GIVEN DATA —
-----

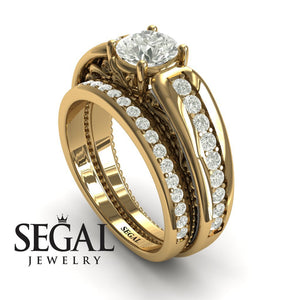 Unique Engagement Ring Diamond ring 14K Yellow Gold Vintage Art Deco Victorian Edwardian Diamond 
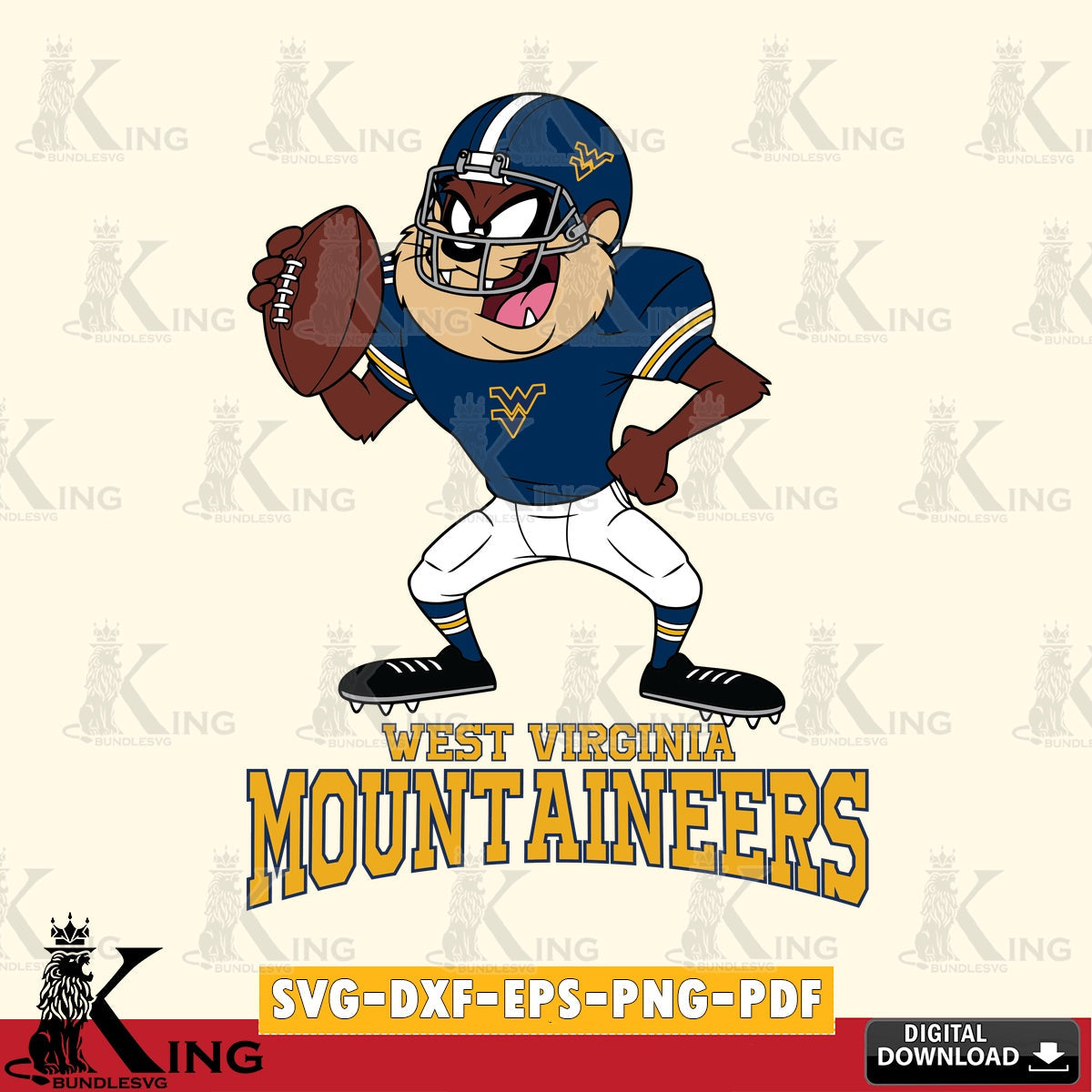 West Virginia Mountaineers Taz Football Player SVG file, Cut file  , Digital Download , Instant Download, Taz svg, NCAA svg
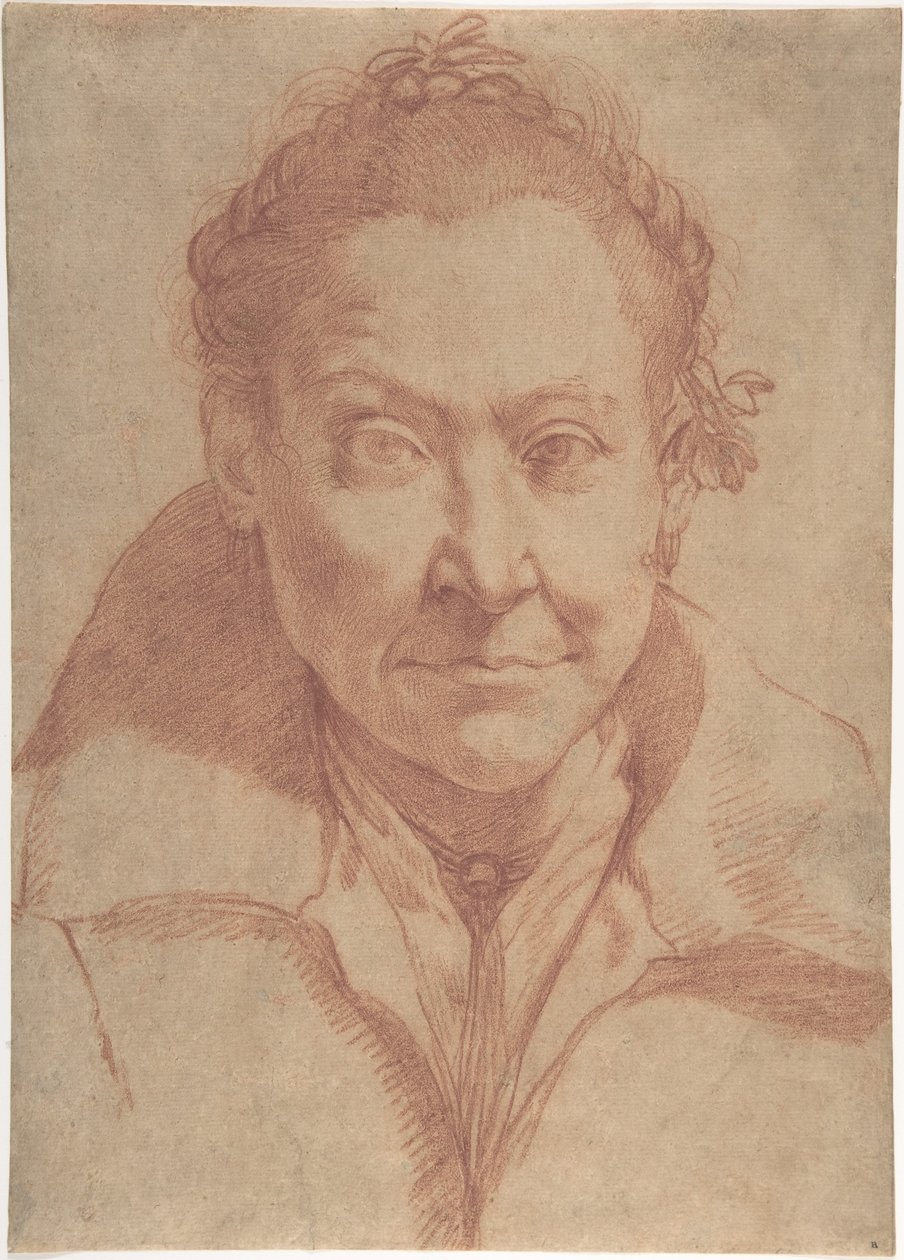 Retrato de busto de una mujer (anverso); estudio de busto de una joven (reverso) de Agostino Carracci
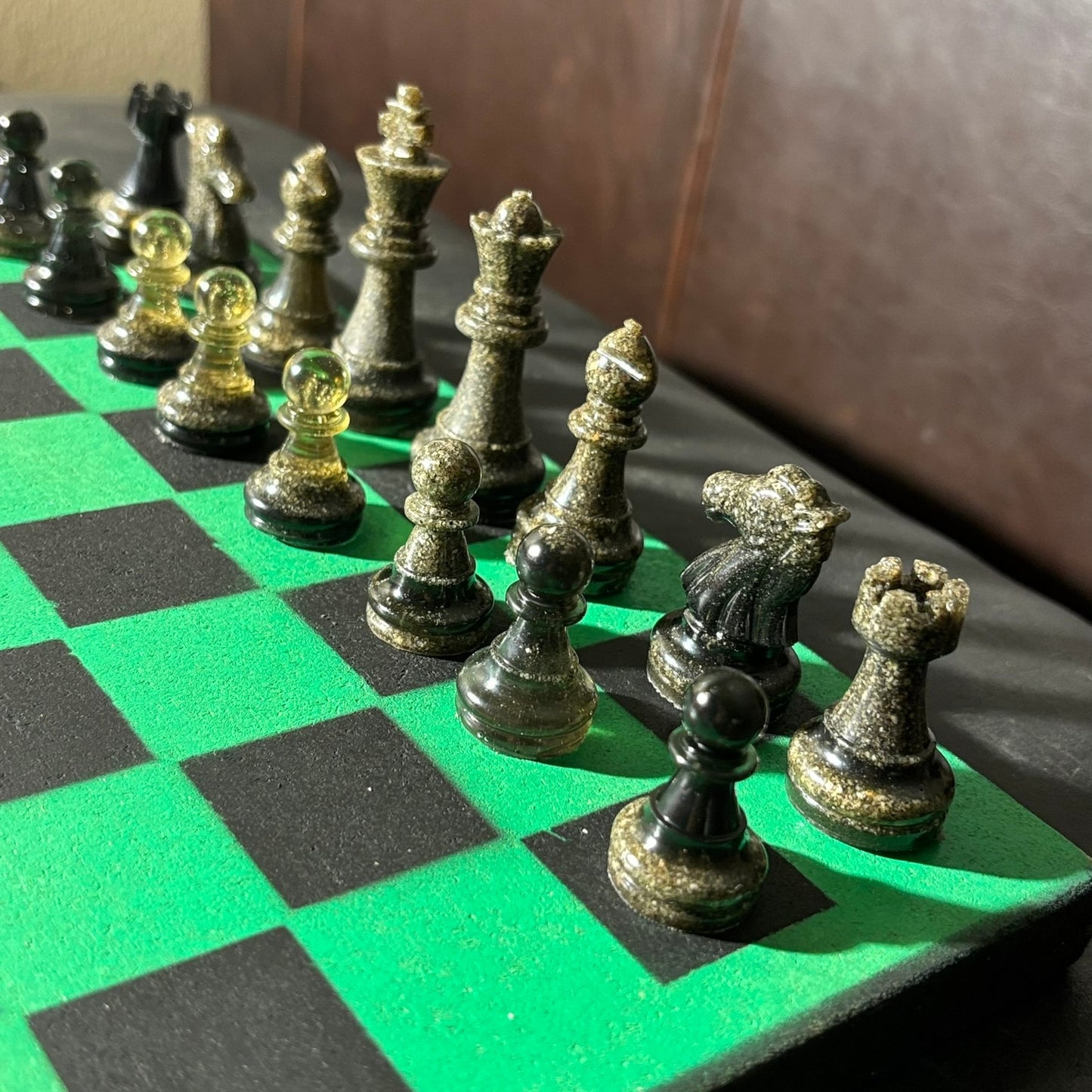 Opal Fire Green - Painted Chess Set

-----

PROBLEM STATEMENT — Could you restate the material word for word, skipping any pictures it holds?

WRITTEN SOLUTION —
 Unique Engagement Ring Diamond ring 14K Yellow Gold Vintage Art Deco Victorian Edwardian Diamond 
 West Virginia Mountaineers Taz Football Player SVG file, Cut file  , Digital Download , Instant Download, Taz svg, NCAA svg
 Retrato de busto de una mujer (anverso); estudio de busto de una joven (reverso) de Agostino Carracci
 Opal Fire Green - Painted Chess Set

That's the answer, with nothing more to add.